Im Fokus vor Wahlen stehen sogenannte „Desinformationskampagnen“. Denen soll das DSA mit geeigneten Mitteln begegnen. Dazu können Faktenchecks gehören, aber auch „Trusted Flagger“, also vertrauenswürdige Hinweisgeber. Derartige Organisationen durchsuchen die hiesigen Plattformen nach Verstößen gegen das DSA und melden die betreffenden Beiträge bei dem jeweiligen Betreiber.

Das DSA sieht dann vor, dass die Betreiber die Meldungen von staatlich zertifizierten Hinweisgebern dann priorisieren müssen – über die Anträge muss also vor normalen Nutzermeldungen entschieden werden. Die Kritik: Faktencheck-Organisationen und vertrauenswürdige Hinweisgeber können auch von staatlichen Fördergeldern getragene Einrichtungen sein.

Je nach politischer Ausrichtung der Organisation könnte es also zu einer eher regierungsfreundlichen Herangehensweise kommen, sodass kritische Stimmen öfter gemeldet oder deren Beiträge als Desinformation abgestempelt werden könnten. Dieser Befürchtung liegt beispielsweise die Ernennung von „REspect!“ als erster vertrauenswürdiger Hinweisgeber durch die BNetzA zugrunde.

Die Organisation fiel bereits mit im linken Spektrum üblichen Einschätzungen auf: „Was uns verbindet, ist der gemeinsame Einsatz für einen respektvolleren Umgang im Internet sowie die Bekämpfung von Hetze, Verschwörungserzählungen und Fake News.
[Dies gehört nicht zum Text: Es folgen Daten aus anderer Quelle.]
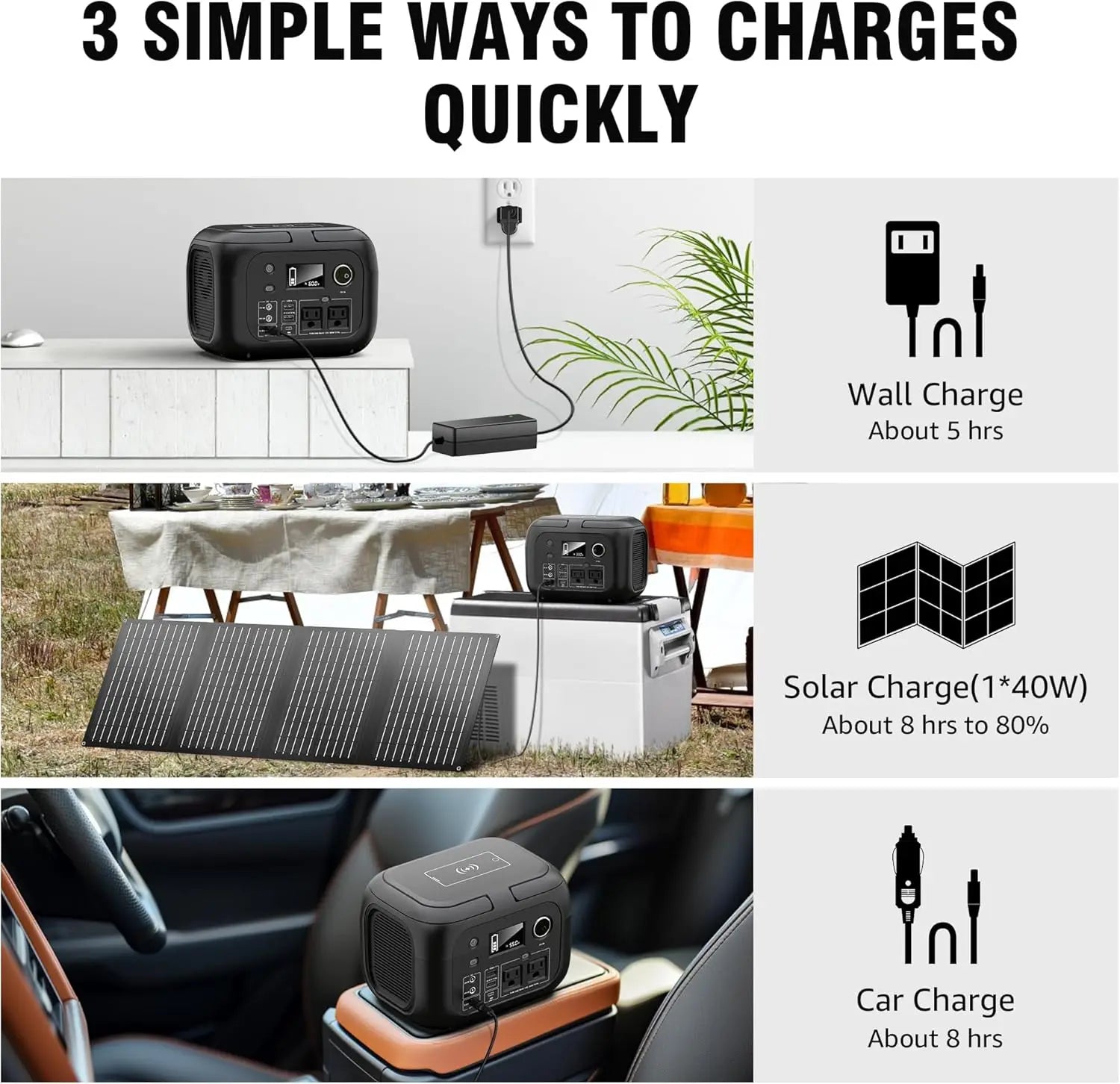 Portable Power Station with Solar Panels for Outdoor Adventures - Ky Ky Kiwi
Wir setzen uns, auch wenn es nicht immer leichtfällt, mit viel Spaß und der Überzeugung für etwas Gutes ein“, heißt es unter anderem auf der Webseite (Apollo News berichtete).

Auch Faktenchecker-Organisationen stehen in der Kritik. Das Medienunternehmen Correctiv erhält im Rahmen von Projekten, die über Desinformation aufklären sollen, immer wieder Fördergelder durch die Bundesregierung (Apollo News berichtete). Spätestens mit der im Januar 2024 erschienenen Recherche „Geheimplan gegen Deutschland“ hat die Organisation Kritik auf sich gezogen.

Correctiv berichtete über ein vermeintliches „Geheimtreffen“ rechter und rechtsextremer Politiker sowie Unternehmer, die im November 2023 umfassende Remigrationspläne ausgetüftelt haben sollen. Gegen einige Darstellungen der Recherche gab es seitdem erfolgreiche Klagen, auch Berichte anderer Medien über die Recherche von Correctiv wurden mittlerweile gerichtlich untersagt (Apollo News berichtete hier und hier).

Elon Musks Plattform X hat Faktenchecks schon lange durch sogenannte „Community Notes“, also kollektive Anmerkungen ersetzt. Ähnlich möchte es jetzt auch Zuckerberg machen. In Europa würde damit nicht gegen das DSA verstoßen, solange der den Berichtspflichten nachkommt. Für die Bundesnetzagentur, die EU und andere Institutionen scheint das Vorgehen dennoch ein Dorn im Auge zu sein: denn dadurch kann ein breites, auch regierungskritisches Meinungsspektrum in den Sozialen Medien etabliert werden.